A Book I Want (and Already Have)
Among other things, I read John Scalzi's blog on a regular basis. He has a feature called The Big Idea where he lets authors plug their books, and he posts pictures of the stacks and stacks of advances he receives by mail. I love finding new reading material this way, and I trust his opinion of all things scifi (or bacon).
I first heard about Perdido Street Station in this blog post, where Scalzi talks about why his book isn't necessarily the best of the decade, and why he thinks China MiĆ©ville’s book is. Some high praise coming from a guy who knows the ins and outs of scifi and fantasy - plus, he mentioned world-building, one of my favorite elements of any book. So I grabbed a copy.
Months later, I've finally started reading. This book is amazing.
Lin, to her mortal horror, was running late.
It did not help that she was not an aficionado of Bonetown. The cross-bred architecture of that outlandish quarter confused her: a syncresis of industrialism and the gaudy domestic ostentation of the slightly rich, the peeling concrete of forgotten docklands and the stretched skins of shantytown tents. The different forms segued into each other seemingly at random in this low, flat zone, full of urban scrubland and wasteground where wild flowers and thick-stemmed plants pushed through plains of concrete and tar.
The use of language throughout is incredible. I'm at a loss with many of the words he uses, but I can tell they're the right ones. It reads like lyrical poetry at an open mic night - the kind that leaves you feeling small and totally mesmerized, not the 'bad teen poetry' kind. I love the attention he gives to each individual paragraph, each sentence, each word. This book is a feast of epic proportions.
The story so far: the society Isaac lives in is broken in several ways: as punishment for crimes, people (human and otherwise) are Remade. Extra limbs are attached to them in odd places, bodies replaced with mechanical parts, every grotesque, inhumane thing you can imagine. His girlfriend Lin (who has the head of a scarab) encounters a drug lord who is Remade so many times he is positively terrifying - but he Remade himself, on purpose.

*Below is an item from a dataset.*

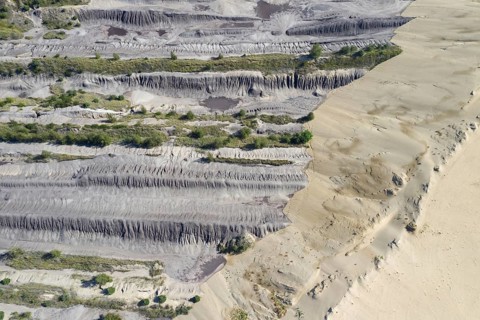 Aerial view over exploited and devastated landscape of the Nochten opencast pit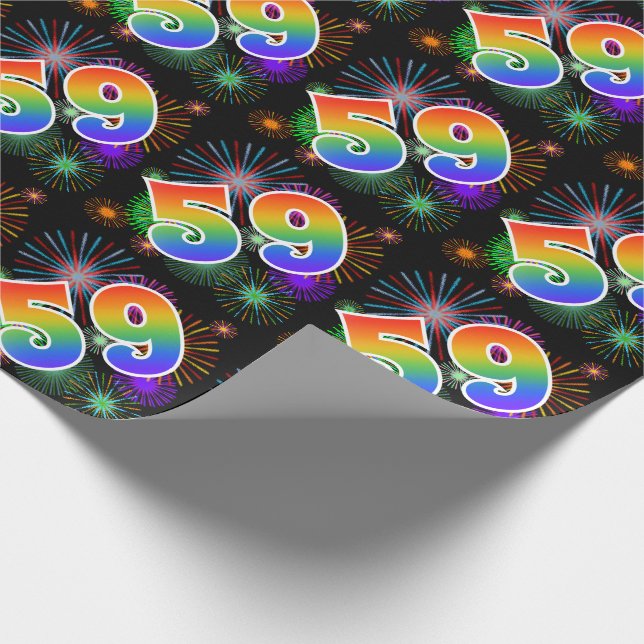 Farbenfrohe Feuerwerke + Regenbogenmuster "59" Eve Geschenkpapier (Ecke)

Isaac is a backwater scientist, experimenting with this, that, and the other thing as whimsy takes him. A creature called a garuda comes to Isaac, begging him to take the job he offers. Garuda culture is different, but not by much: they still mete out lifelong torture for criminals. Intrigued and amazed, Isaac takes the offer, and sets a dangerous chain of events into motion.
One of the book's features so far is ignorant cruelty: judges who deliver Remaking sentences don't seem to realize the pain they're delivering. As Isaac begins his new research, there's a lengthy section about all the birds and insects who die (unbeknownst to him) for the sake of his new project. A circus full of Remade and other odd creatures are all tortured within, some by their own choice.
But there's also a latent beauty in all of this, mostly coming from Lin. She strikes me as a more graceful, charming character than the others. I'm only on page 94, and she strikes me as a puzzle piece that can only go one place, but still doesn't quite fit. Her delicateness is out of place, but a perfect touch at the same time.
I'm seeing so many parallels between Perdido Street Station and The Windup Girl that I can't help but imagine the latter was a strong influence for Paolo Bacigalupi's book. Ideas, certain characters, and the setting all seem so connected, that must be the case. I couldn't find any interviews to back me up on the notion.
This is the book I want to write. The world-building is immense, the characters twisted but meaningful, the themes an intense commentary on modern society, the language divine. Yet another one to go on my list of favorites - we'll see how I feel when I reach the end.